Higher precision leads to incorrect results?

I’m working through Arthur & Vassilvitskii’s \Omega(n^2) lower bound proof for the iterative closest point (ICP) algorithm in \mathbb{R} (Theorem 3.4 in the paper) and thought it’d be neat to visualize their construction in Julia and Pluto.

However, I’m running into what I believe must be precision issues. Having never worked with arbitrary precision arithmetic before, there may be something I’m missing.

The construction relies on a subset of adjacent points in \mathcal{B} being increasingly close together, i.e. b_i = \sum_{j=0}^{i-1}\frac{1}{k^j} where k = 3n + 2, i.e. their distances get very small for larger n and i.

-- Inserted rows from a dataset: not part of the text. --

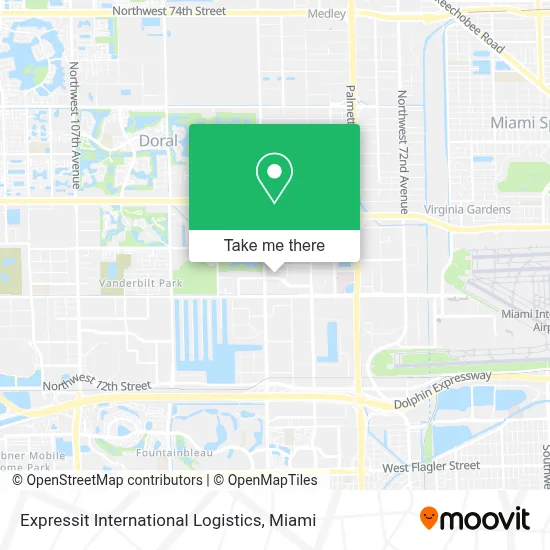 Expressit International Logistics map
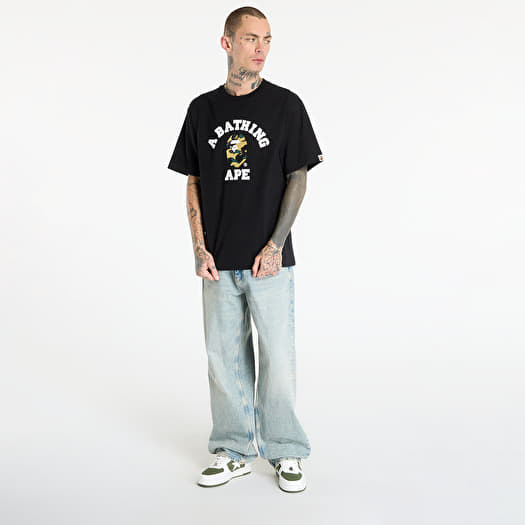 A BATHING APE 1St Camo College Tee UNISEX Black/ Ye | Footshop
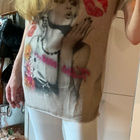 MADE IN ITALY upea KISS ME pusero silkki sekoite M - pikkukuva 4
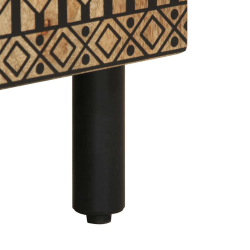 2-cz. zestaw mebli łazienkowych, lite drewno mango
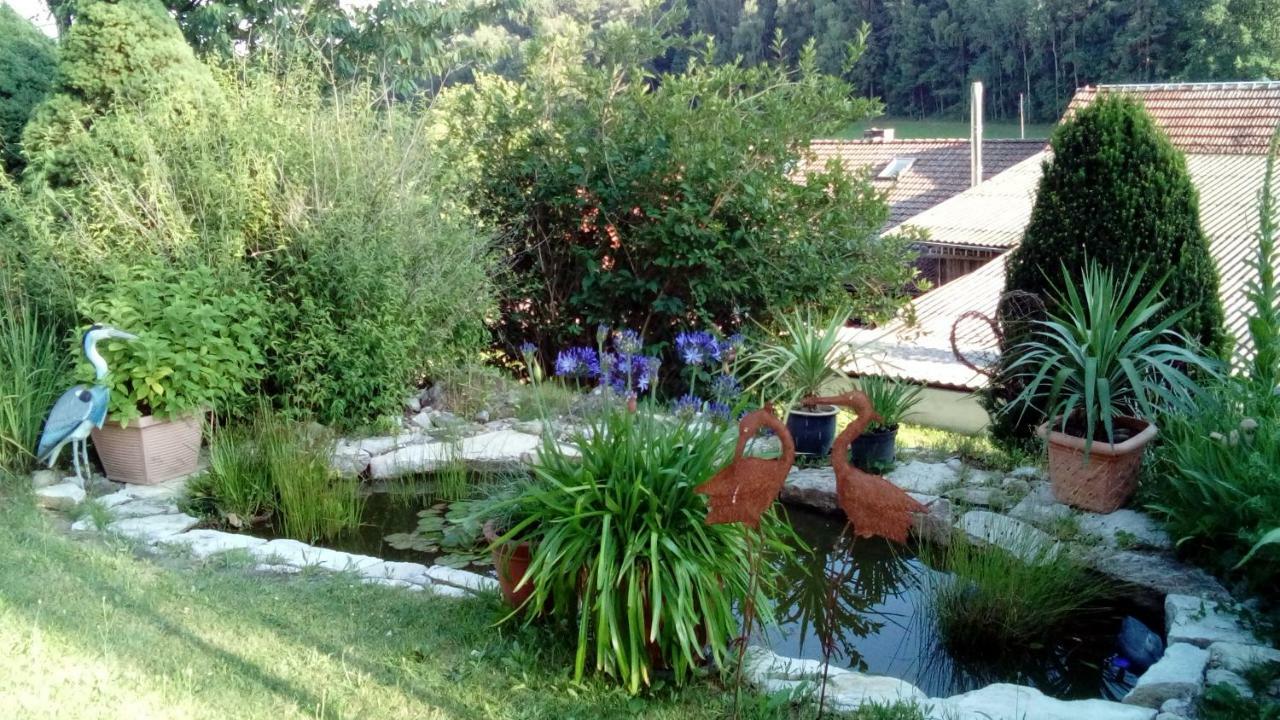 Apartment Mit Gartenblick Eckersdorf Exteriér fotografie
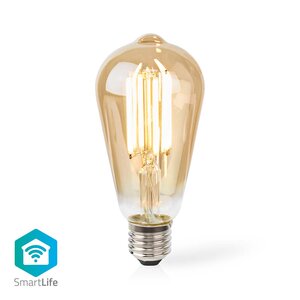 SmartLife LED Filamentlamp | Wi-Fi | E27 | 806 lm | 7 W | Warm Wit | Glas | Android™ / IOS | ST64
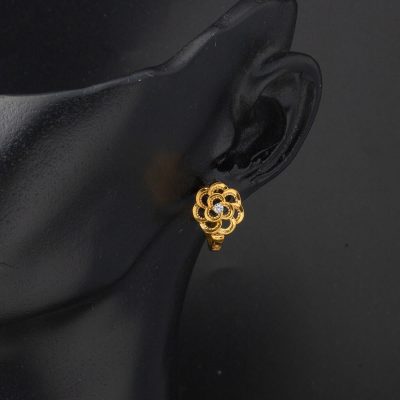 Güllü 22 Ayar Taşlı Altın Küpe - 22K - 3.29g - EZ Gold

So I tried sprinkling my code with BigFloats (by which I mean, I believe to have turned all arithmetic operands into BigFloats – although if there’s a more global and less manual/messy way to do that, I’d be happy to hear about it) and using setprecision(...), but the results I’m getting are very inconsistent and confusing to me.

Here’s a quick video demonstration of what I’m about to describe in text:

For n=8 the ICP run I’m getting when I have setprecision(2000) looks correct, i.e. ICP takes 82 iterations. Increasing n with that precision, however, will lead to incorrect iteration counts – sometimes they’re very high, sometimes extremely low (linear, even).

As can be seen in the video, even keeping n = 8 and increasing precision leads to wild fluctuations in ICP iterations needed.

• n=8 and setprecision(2000): 82 iterations
• n=8 and setprecision(3000): 19 iterations
• n=8 and setprecision(4000): 10 iterations
• n=8 and setprecision(5000): 82 iterations
• n=8 and setprecision(6000): 10 iterations
• n=8 and setprecision(7000): 10 iterations
• n=8 and setprecision(8000): 64 iterations
• n=8 and setprecision(9000): 10 iterations
• n=8 and setprecision(10000): 10 iterations

Could somebody explain this behaviour to me, and what I’m missing? I’d expect higher precision to result in the same (correct) 82 iterations for n=8, and to help get better results for higher n.

It’s impossible to say for sure without seeing your code, but my guess would be that you accidentally are doing some portion of the calculation at lower precision.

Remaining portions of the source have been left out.